## Raw data
· · · · ·

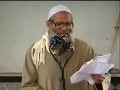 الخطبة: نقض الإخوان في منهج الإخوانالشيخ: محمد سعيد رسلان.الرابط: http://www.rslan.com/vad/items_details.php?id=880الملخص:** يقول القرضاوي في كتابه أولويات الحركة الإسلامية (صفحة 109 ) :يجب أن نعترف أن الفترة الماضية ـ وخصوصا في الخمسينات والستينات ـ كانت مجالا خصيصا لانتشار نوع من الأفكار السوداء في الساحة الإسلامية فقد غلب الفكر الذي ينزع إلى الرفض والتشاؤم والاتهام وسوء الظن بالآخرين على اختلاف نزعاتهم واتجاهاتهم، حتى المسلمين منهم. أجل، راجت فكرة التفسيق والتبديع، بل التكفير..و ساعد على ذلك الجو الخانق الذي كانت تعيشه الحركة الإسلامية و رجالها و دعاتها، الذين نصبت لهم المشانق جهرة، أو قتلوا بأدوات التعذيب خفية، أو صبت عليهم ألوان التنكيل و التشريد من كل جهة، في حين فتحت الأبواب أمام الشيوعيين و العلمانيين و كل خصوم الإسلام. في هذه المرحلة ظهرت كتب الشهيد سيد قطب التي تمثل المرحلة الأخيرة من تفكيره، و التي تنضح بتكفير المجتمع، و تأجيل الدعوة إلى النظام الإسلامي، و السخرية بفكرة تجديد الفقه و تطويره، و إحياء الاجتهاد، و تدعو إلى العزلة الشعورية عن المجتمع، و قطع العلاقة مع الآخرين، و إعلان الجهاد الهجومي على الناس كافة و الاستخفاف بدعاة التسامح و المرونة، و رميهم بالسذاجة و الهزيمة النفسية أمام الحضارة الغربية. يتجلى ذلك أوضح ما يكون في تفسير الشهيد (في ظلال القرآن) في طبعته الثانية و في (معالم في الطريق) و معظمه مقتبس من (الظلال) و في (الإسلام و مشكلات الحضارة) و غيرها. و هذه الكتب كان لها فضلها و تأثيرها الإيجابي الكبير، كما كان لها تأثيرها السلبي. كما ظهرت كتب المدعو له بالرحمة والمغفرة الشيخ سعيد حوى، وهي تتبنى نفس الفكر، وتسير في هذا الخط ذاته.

· · · · ·

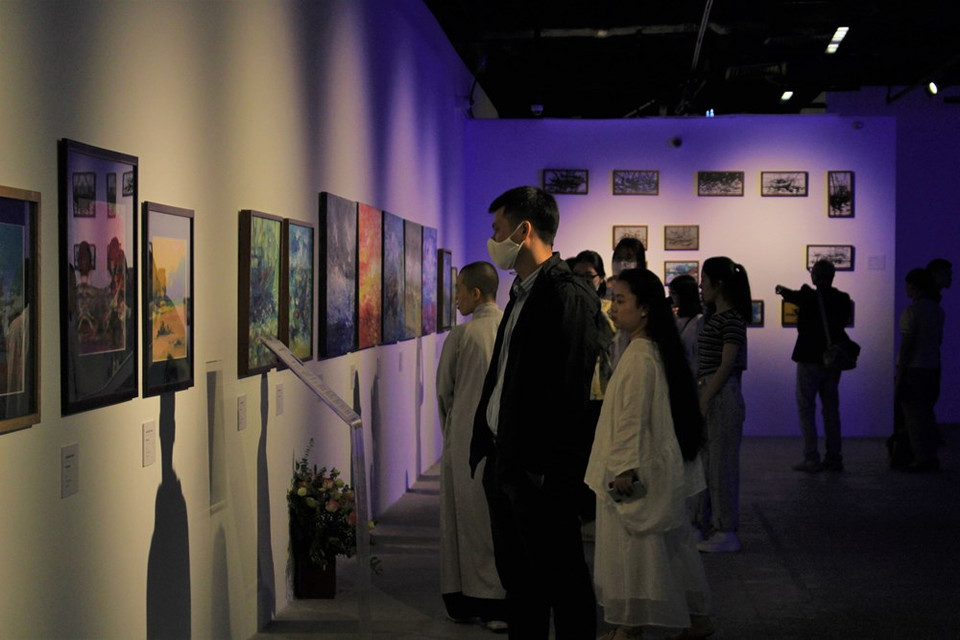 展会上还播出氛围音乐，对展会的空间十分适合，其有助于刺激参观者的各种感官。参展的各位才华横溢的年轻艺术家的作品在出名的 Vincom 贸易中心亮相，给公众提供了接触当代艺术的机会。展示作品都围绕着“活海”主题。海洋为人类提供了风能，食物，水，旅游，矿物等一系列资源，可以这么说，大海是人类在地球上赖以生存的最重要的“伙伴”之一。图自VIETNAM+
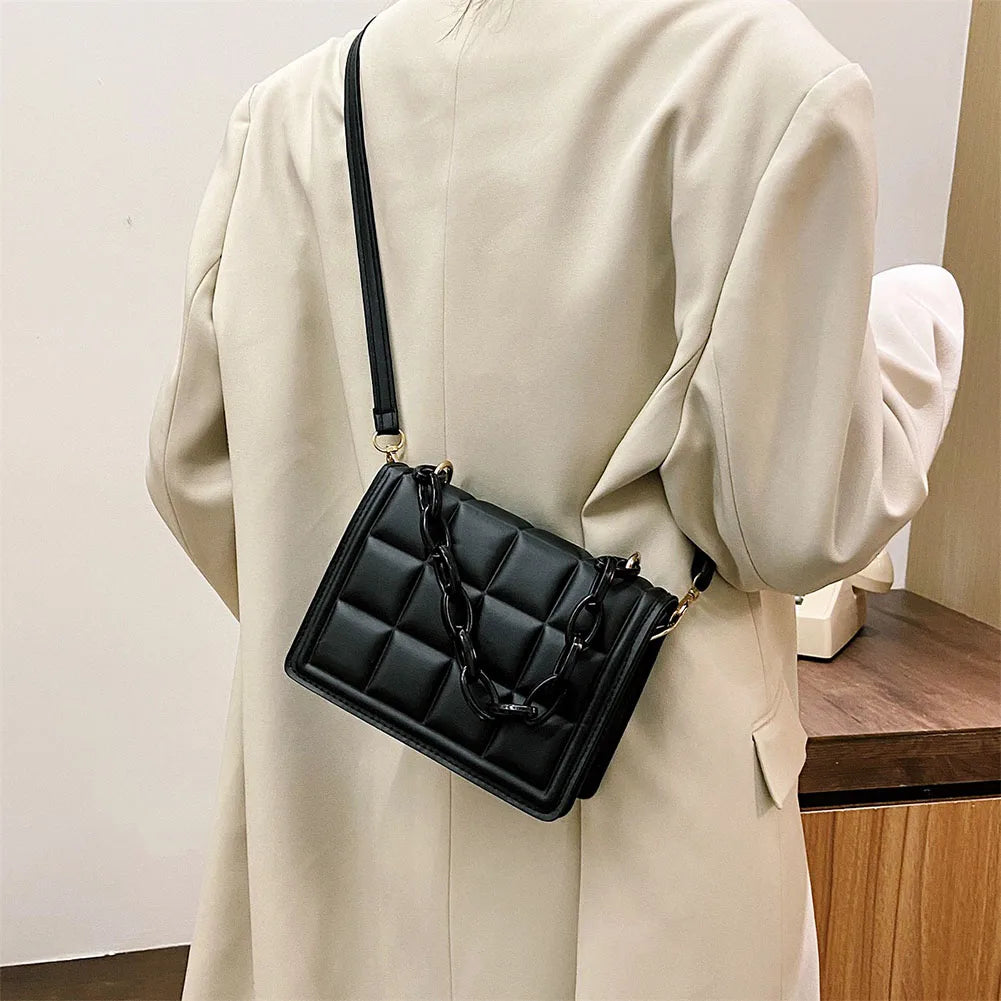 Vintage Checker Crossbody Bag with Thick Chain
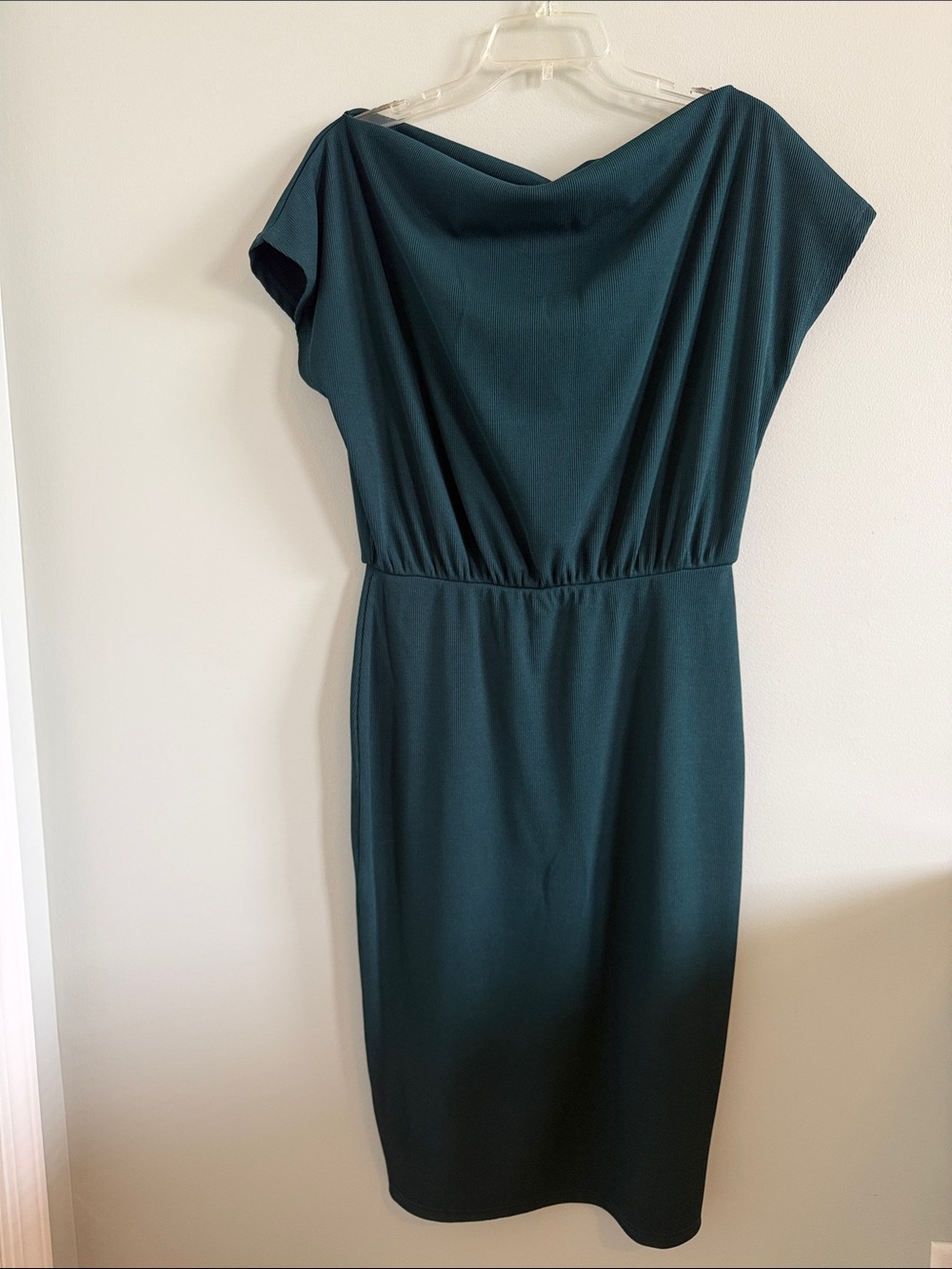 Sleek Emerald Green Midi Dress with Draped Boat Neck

· · · · ·

## What the task asks
In the listing above, find the line containing "Vintage Checker Crossbody" and the line containing "Sleek Emerald Green". Print those two lines and every line between them exactly, with no pictures.

## Response area
 Vintage Checker Crossbody Bag with Thick Chain
 Sleek Emerald Green Midi Dress with Draped Boat Neck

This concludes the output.